What exactly is stopping the studio from giving us this glorious future? They don’t stand to lose much from a change. Even if one was to claim the tired old saw, “what about the Chinese market?,” well, a few things. One, catering to our own government’s censorship is what got us into this mess in the first place, and we have to break the cycle at some point. Two, from the standpoint of pure profitability: these movies could easily be entertaining at a very low budget. Literally, we don’t need anything to explode at all. Not even once. Film it in Chicago and hire former Drag Race contestants to make the costumes. Have the Joker taunt Batman while dangling him over a cauldron filled with dry ice. It worked for the better part of a century, didn’t it? Give us an enjoyable Batman movie made on the cheap, and we’ll reward it with an exponential profit. The kind of profit that spending millions and then making them back in a slow international trickle just doesn’t compete with.

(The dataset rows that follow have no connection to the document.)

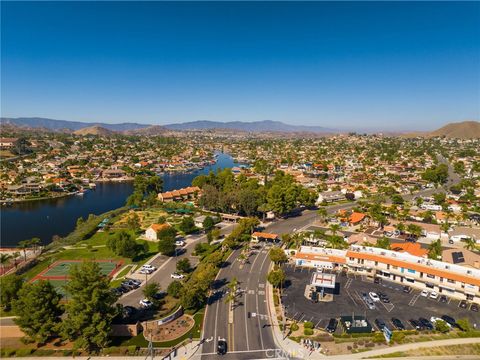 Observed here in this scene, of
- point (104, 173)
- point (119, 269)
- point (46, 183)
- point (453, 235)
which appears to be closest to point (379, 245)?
point (453, 235)

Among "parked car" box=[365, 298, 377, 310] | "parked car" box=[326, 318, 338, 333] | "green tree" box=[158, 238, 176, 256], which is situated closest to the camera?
"parked car" box=[326, 318, 338, 333]

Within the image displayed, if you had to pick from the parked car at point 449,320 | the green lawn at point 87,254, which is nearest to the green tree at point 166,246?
the green lawn at point 87,254

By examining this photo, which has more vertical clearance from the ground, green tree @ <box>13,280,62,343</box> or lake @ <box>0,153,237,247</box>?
green tree @ <box>13,280,62,343</box>

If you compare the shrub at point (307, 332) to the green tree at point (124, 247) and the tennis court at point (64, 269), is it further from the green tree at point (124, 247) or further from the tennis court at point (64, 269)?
the green tree at point (124, 247)

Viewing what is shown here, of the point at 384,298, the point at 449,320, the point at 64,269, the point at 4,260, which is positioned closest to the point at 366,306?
the point at 384,298

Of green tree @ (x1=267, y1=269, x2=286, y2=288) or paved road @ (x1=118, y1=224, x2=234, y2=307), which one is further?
green tree @ (x1=267, y1=269, x2=286, y2=288)

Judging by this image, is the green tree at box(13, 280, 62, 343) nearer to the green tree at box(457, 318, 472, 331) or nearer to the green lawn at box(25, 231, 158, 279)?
the green lawn at box(25, 231, 158, 279)

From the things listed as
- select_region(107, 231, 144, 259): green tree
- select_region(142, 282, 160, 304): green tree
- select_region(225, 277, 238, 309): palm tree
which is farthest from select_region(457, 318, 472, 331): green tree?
select_region(107, 231, 144, 259): green tree

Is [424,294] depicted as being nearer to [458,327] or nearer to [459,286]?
[459,286] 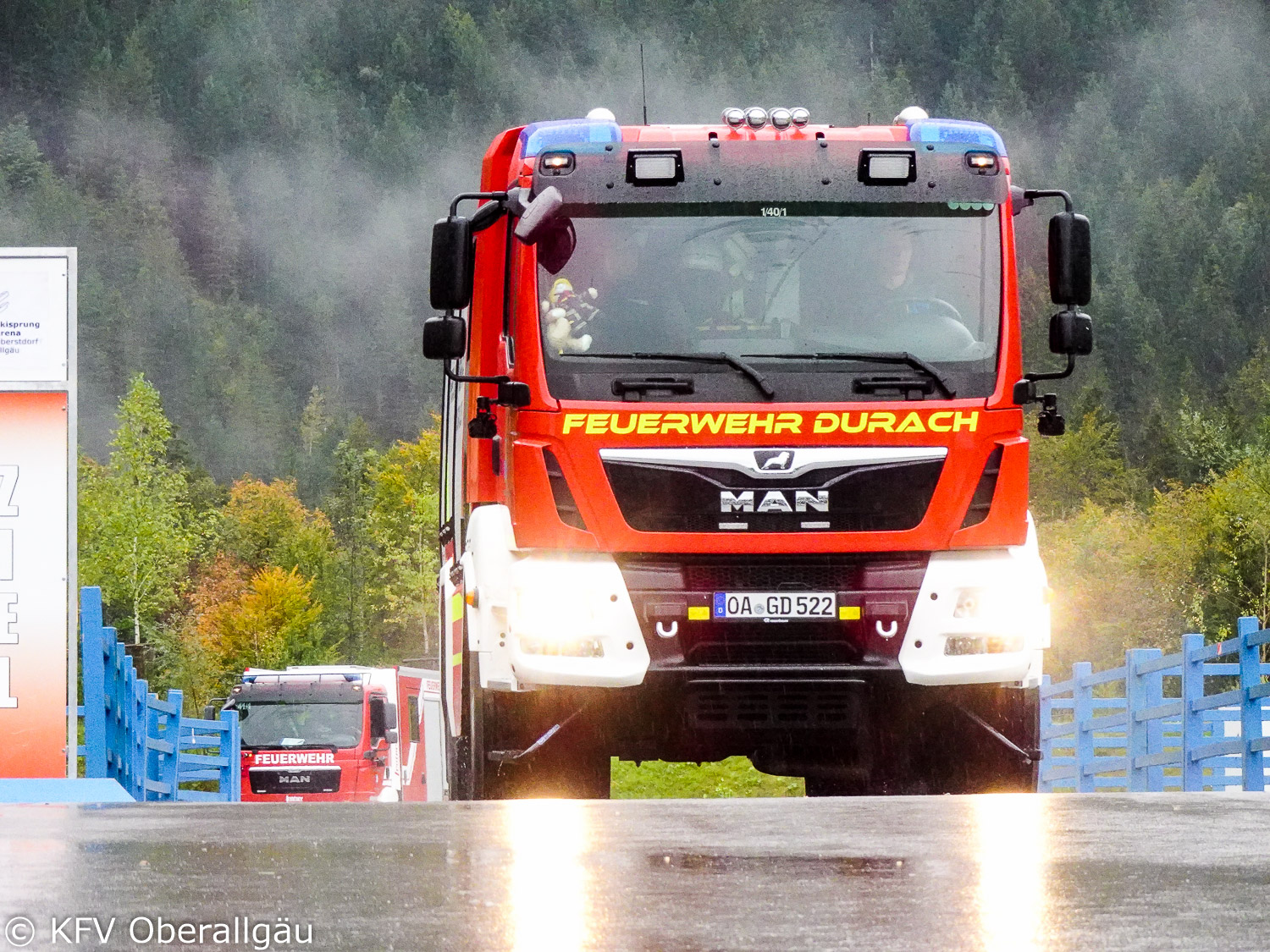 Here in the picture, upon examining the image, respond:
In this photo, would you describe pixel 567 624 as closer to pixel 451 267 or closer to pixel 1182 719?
pixel 451 267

The stars have aligned for this, I tell you. We even have Robert Pattinson in line as the next Batman, and, as a friend of mine pointed out, R-Patz would obviously be down for this. He needs to have a little fun, and so do we all. Give us underwear over tights again, give us Batarangs, give us steamy Batcave sleepovers. We’ve put up with “straight” Batman long enough, so Lord knows we deserve it.